§ **YOUR TASK**
Using the listing below, print the line containing "Recambio de parasol", the line containing "CustomDustDoormatCarpetFloorMatOutdoorIndoorEntranceKitchen", and each line between them, exactly and nothing else. Pictures stay out of the print.

§ **DATA PROVIDED**
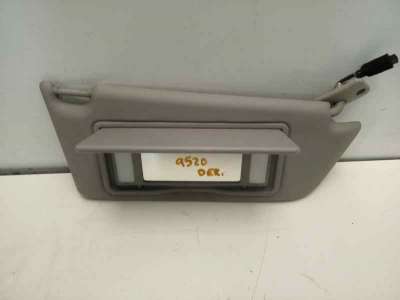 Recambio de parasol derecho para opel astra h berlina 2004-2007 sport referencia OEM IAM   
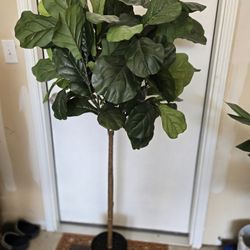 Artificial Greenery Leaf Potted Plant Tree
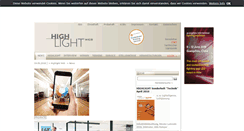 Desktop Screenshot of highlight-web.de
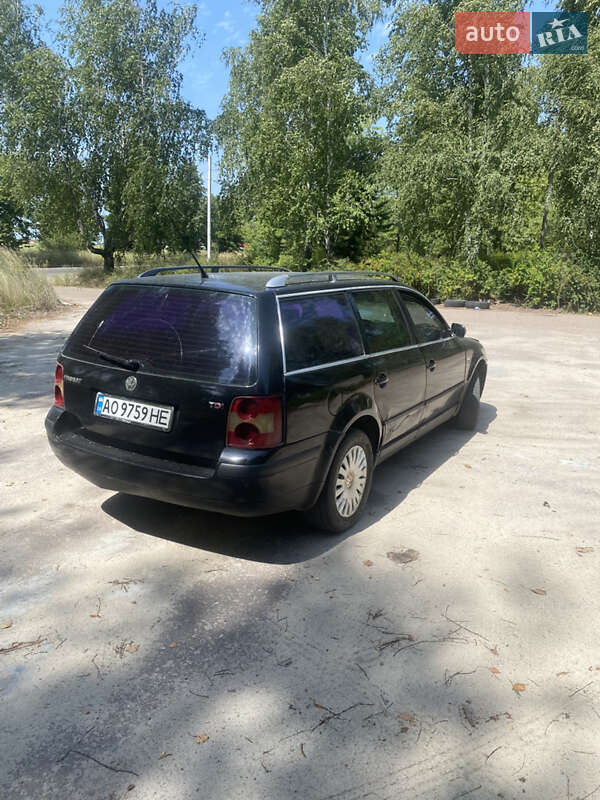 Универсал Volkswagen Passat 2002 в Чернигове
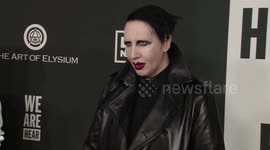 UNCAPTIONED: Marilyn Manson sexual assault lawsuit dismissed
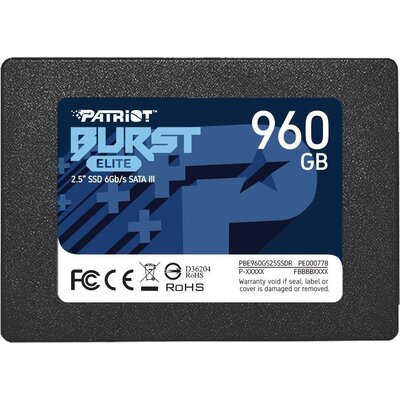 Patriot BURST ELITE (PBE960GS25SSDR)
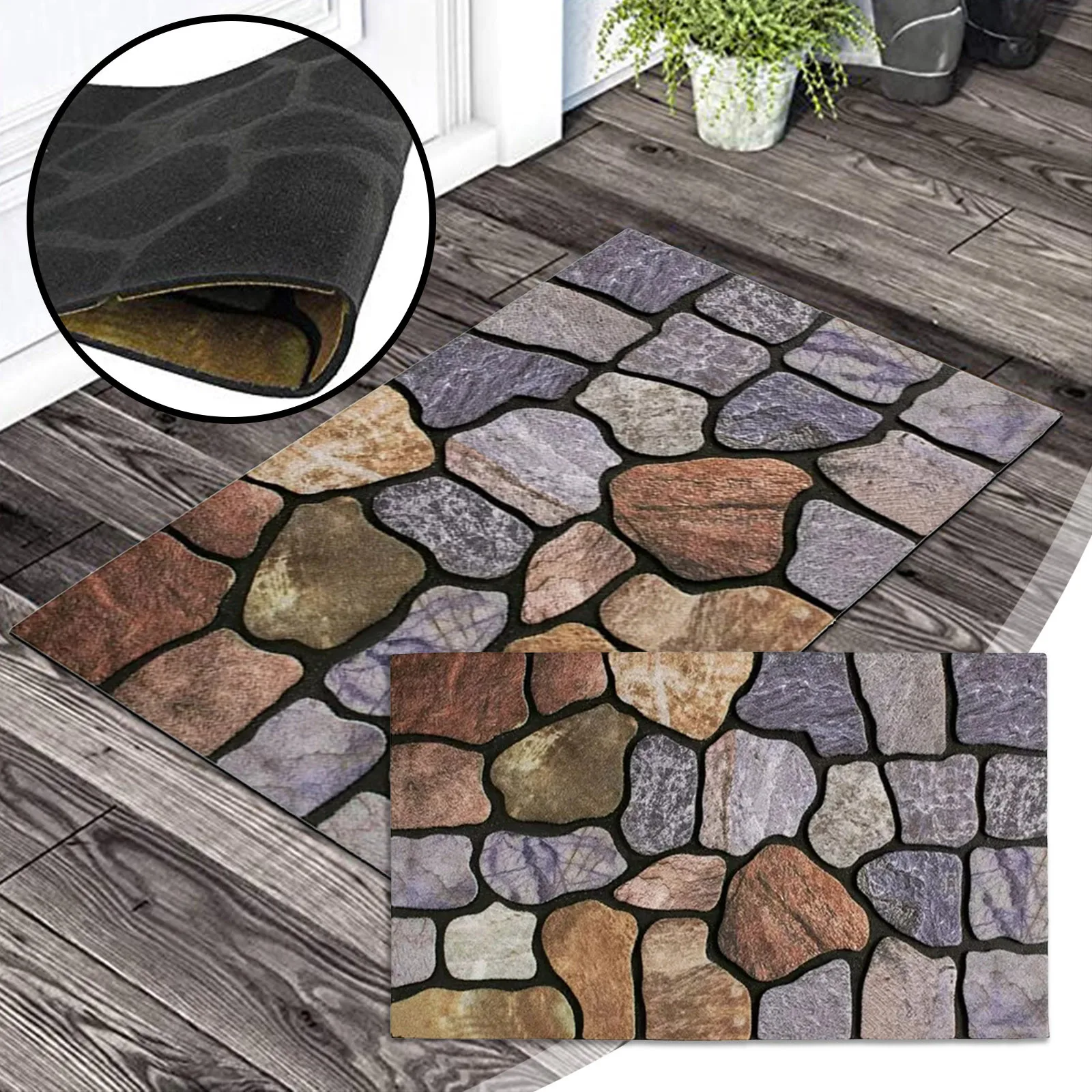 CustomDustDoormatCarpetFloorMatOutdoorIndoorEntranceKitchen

...

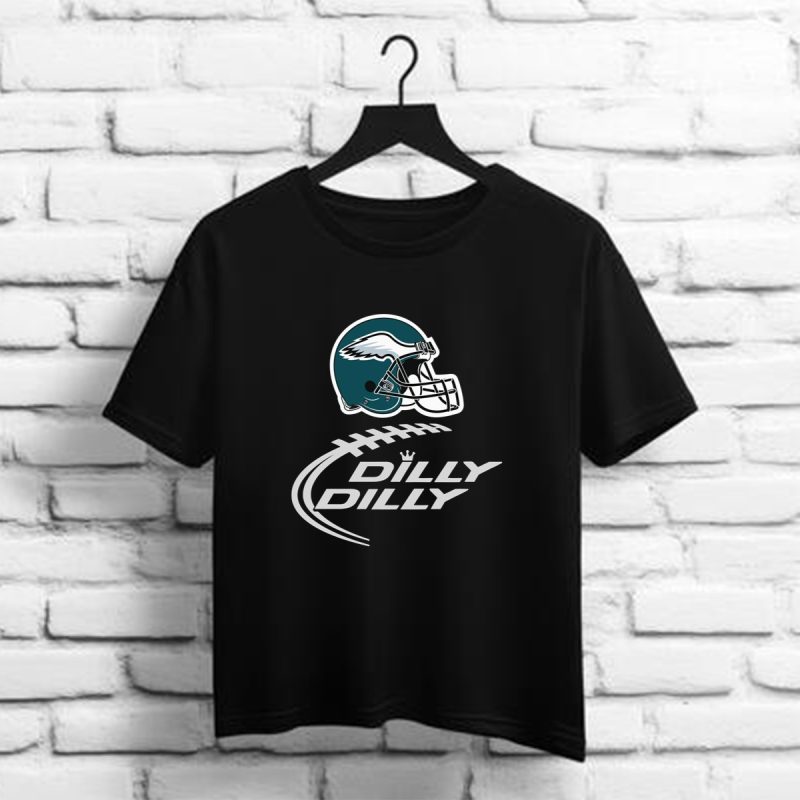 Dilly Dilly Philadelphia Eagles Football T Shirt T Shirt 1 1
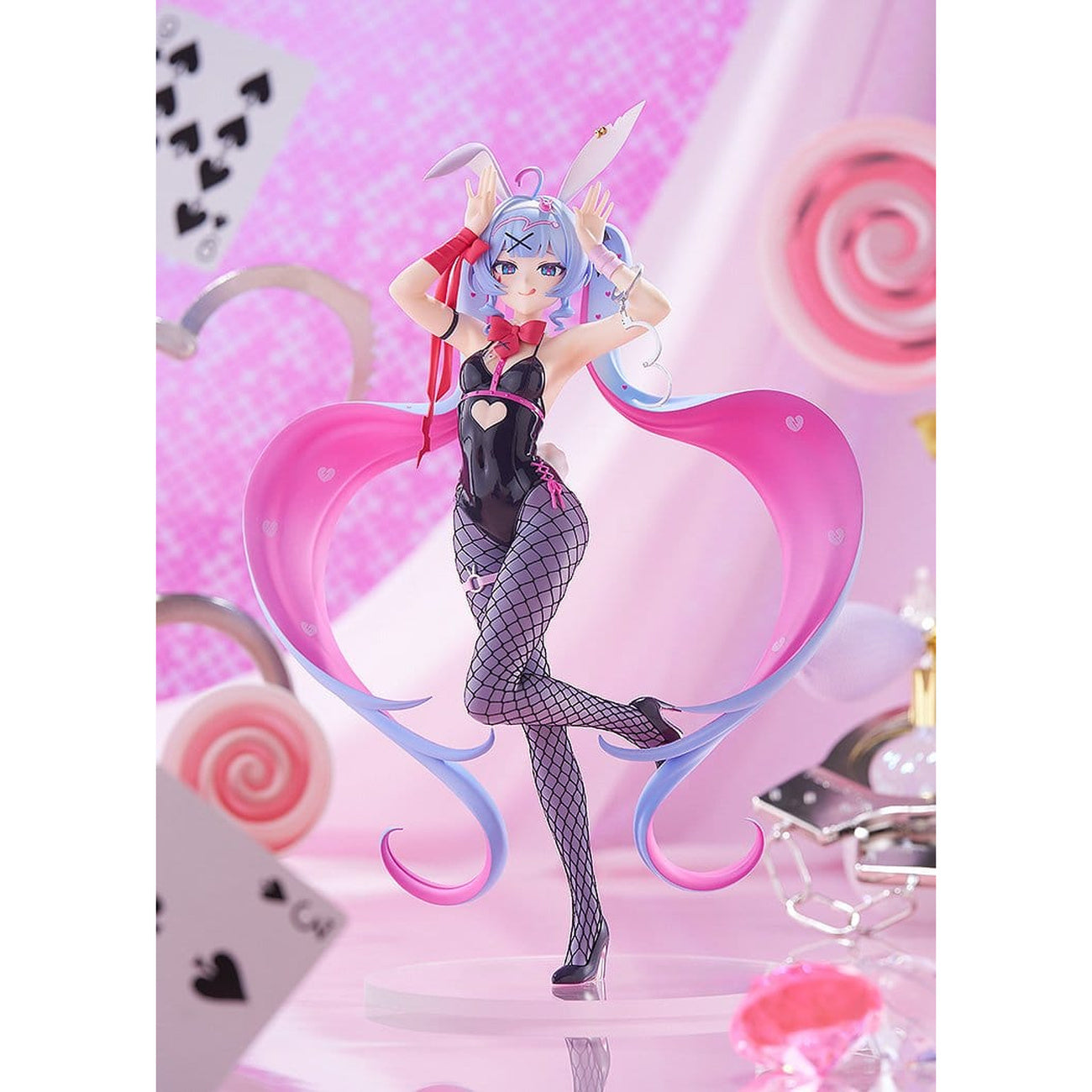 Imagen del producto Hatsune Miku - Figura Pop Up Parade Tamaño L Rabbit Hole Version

§ **SOLUTION FOR THIS PROBLEM**
 Recambio de parasol derecho para opel astra h berlina 2004-2007 sport referencia OEM IAM   
 Artificial Greenery Leaf Potted Plant Tree
 Desktop Screenshot of highlight-web.de
 Универсал Volkswagen Passat 2002 в Чернигове
 UNCAPTIONED: Marilyn Manson sexual assault lawsuit dismissed
 Patriot BURST ELITE (PBE960GS25SSDR)
 CustomDustDoormatCarpetFloorMatOutdoorIndoorEntranceKitchen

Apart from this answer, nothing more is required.